The trouble with unreliable narrators, though, is that they're unreliable. It was a controversial approach because people often felt cheated if they found out that, say, the Malkavian who was narrating the book could be lying to you, or just plain wrong. We tried to minimize the "unreliable" aspect here and there — in fact, I consider Dr. Douglas Netchurch, Malkavian though he was, one of the most reliable in-character narrators we ever created. Even so, when we went to the nWoD, we dropped the idea of having the IC narration take up most of a book. We wanted to present absolutely reliable information, even if that information was sometimes stating that certain things were outright mysteries.
But of course, there's still room for that in-character voice. And recently we've been toying with it more, often in the form of "artifact text." For those of you who haven't heard us use the term before, artifact text is a section of text that's presented to be some sort of excerpt or transcription from a document that's assumed to exist in the game world. Usually it's laid out a little differently; in some cases, it could be photocopied and handed to the players as a handout, assuming their characters found the documents in question. You see some of it here and there, but obviously the new Clanbooks are almost entirely artifact text. They represent bundles of information that a vampire could actually find in-game.
Now, the question I was asked recently (on these comments! You too can suggest topics for me to cover!) was whether or not artifact text is harder work for the development or production staff. From a development side, I'd say it's kind of a mixed bag. On the one hand, you don't have to correct for potential bias.
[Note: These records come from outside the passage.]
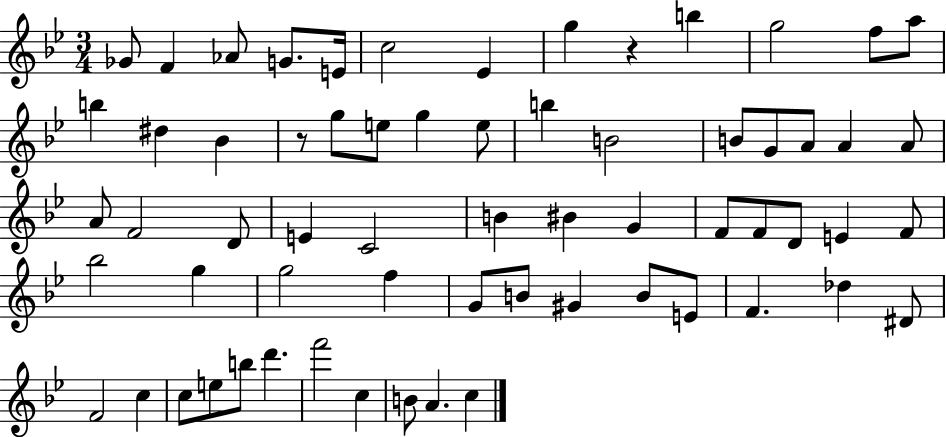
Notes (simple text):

Gb4/e F4/q Ab4/e G4/e. E4/s C5/h Eb4/q G5/q R/q B5/q G5/h F5/e A5/e B5/q D#5/q Bb4/q R/e G5/e E5/e G5/q E5/e B5/q B4/h B4/e G4/e A4/e A4/q A4/e A4/e F4/h D4/e E4/q C4/h B4/q BIS4/q G4/q F4/e F4/e D4/e E4/q F4/e Bb5/h G5/q G5/h F5/q G4/e B4/e G#4/q B4/e E4/e F4/q. Db5/q D#4/e F4/h C5/q C5/e E5/e B5/e D6/q. F6/h C5/q B4/e A4/q. C5/q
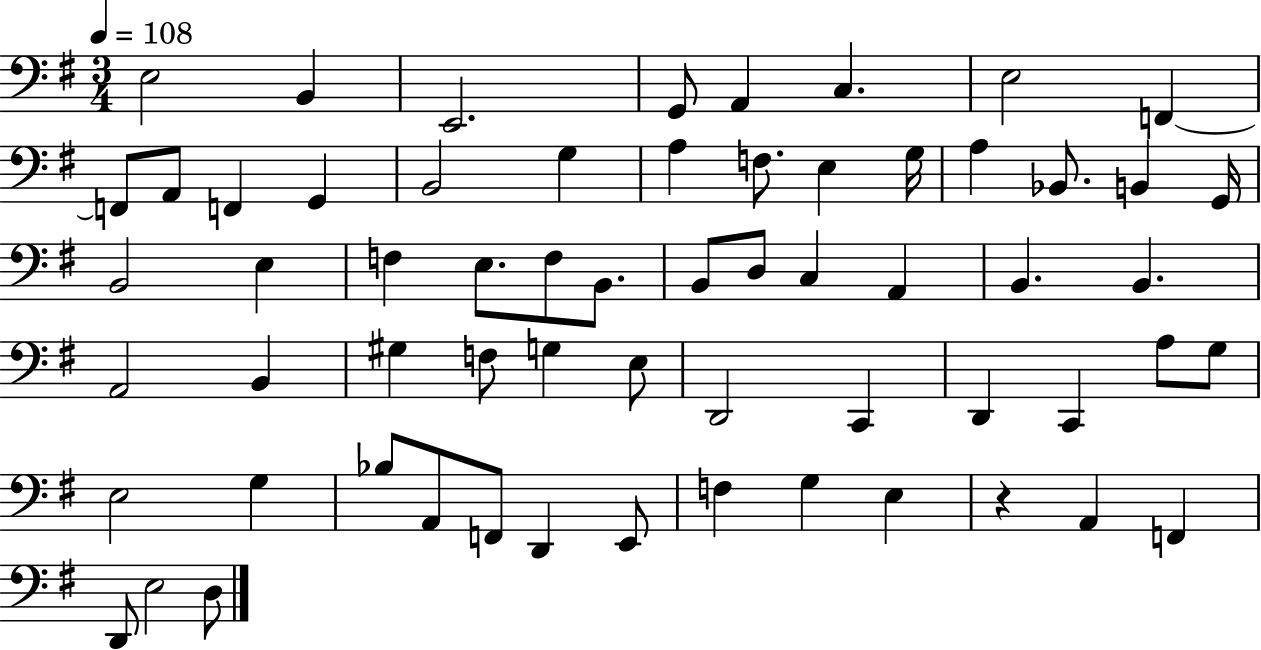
{
  \clef bass
  \numericTimeSignature
  \time 3/4
  \key g \major
  \tempo 4 = 108
  e2 b,4 | e,2. | g,8 a,4 c4. | e2 f,4~~ | \break f,8 a,8 f,4 g,4 | b,2 g4 | a4 f8. e4 g16 | a4 bes,8. b,4 g,16 | \break b,2 e4 | f4 e8. f8 b,8. | b,8 d8 c4 a,4 | b,4. b,4. | \break a,2 b,4 | gis4 f8 g4 e8 | d,2 c,4 | d,4 c,4 a8 g8 | \break e2 g4 | bes8 a,8 f,8 d,4 e,8 | f4 g4 e4 | r4 a,4 f,4 | \break d,8 e2 d8 | \bar "|."
}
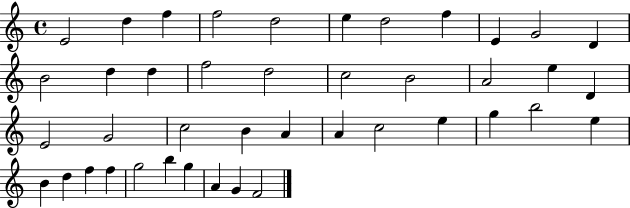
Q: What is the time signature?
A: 4/4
An OOC bit of description might require fine-tuning because an author is just a bit more biased than you would like to see, but in a text artifact, you only have to correct for bias if it's egregiously misleading, and not obviously so. Artifact text is an example, not quite a rule; it doesn't set policy, so to speak. On the other hand, you want to make it look right. I've talked about authorial tells before, and if an artifact text makes you think "Chuck Wendig is alive and well in the WoD and writing under a pseudonym!", well, maybe it's time to massage out the clearly visible Chuckisms so they don't distract. This is rarely a huge problem, but again, it goes back to the necessity of recognizing and accounting for writer tells.
And to some extent it's easier because it's fiction, in a way. Developing fiction is usually easier than developing rules, or at least lower-stakes; a not particularly inspiring fiction piece is not as critical to fix as a not particularly clear rules system. On the other hand, text artifacts are harder to account for in word count. A book may be the "proper" word count for its page count, only wind up running long because the artifact text takes up so much space per word by compare. That's something a developer should account for.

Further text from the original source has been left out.